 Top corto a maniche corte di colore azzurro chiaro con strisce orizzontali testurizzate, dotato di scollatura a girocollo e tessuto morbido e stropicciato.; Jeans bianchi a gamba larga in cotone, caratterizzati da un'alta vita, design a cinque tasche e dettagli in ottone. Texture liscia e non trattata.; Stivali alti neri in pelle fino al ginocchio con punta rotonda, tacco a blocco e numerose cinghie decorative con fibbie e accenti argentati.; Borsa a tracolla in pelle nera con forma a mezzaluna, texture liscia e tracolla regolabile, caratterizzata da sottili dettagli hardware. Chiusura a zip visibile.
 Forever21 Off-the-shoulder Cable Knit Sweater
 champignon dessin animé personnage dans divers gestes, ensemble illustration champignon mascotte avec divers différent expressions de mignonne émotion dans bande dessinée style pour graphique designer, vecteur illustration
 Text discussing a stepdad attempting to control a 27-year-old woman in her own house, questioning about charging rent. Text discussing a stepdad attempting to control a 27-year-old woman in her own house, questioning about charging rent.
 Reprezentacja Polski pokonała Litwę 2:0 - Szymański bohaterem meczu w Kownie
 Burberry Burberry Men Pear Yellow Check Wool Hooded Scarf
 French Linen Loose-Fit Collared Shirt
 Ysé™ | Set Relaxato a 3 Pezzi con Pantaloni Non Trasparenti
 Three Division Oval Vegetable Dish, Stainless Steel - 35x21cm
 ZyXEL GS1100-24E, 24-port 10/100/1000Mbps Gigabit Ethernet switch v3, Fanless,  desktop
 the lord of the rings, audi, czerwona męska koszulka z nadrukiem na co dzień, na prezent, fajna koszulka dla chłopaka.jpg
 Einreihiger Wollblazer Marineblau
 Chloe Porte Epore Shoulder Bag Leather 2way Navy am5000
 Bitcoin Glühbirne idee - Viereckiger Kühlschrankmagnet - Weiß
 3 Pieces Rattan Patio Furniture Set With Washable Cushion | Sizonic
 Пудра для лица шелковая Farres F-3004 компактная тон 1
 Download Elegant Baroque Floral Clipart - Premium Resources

■ ■ ■ ■ ■

**What is needed:** Your task for the entries above: copy exactly the span starting with the line with "Reprezentacja Polski pokonała" and going on through the line with "Einreihiger Wollblazer Marineblau", both lines included, and nothing else.

**Reply:**
 Reprezentacja Polski pokonała Litwę 2:0 - Szymański bohaterem meczu w Kownie
 Burberry Burberry Men Pear Yellow Check Wool Hooded Scarf
 French Linen Loose-Fit Collared Shirt
 Ysé™ | Set Relaxato a 3 Pezzi con Pantaloni Non Trasparenti
 Three Division Oval Vegetable Dish, Stainless Steel - 35x21cm
 ZyXEL GS1100-24E, 24-port 10/100/1000Mbps Gigabit Ethernet switch v3, Fanless,  desktop
 the lord of the rings, audi, czerwona męska koszulka z nadrukiem na co dzień, na prezent, fajna koszulka dla chłopaka.jpg
 Einreihiger Wollblazer Marineblau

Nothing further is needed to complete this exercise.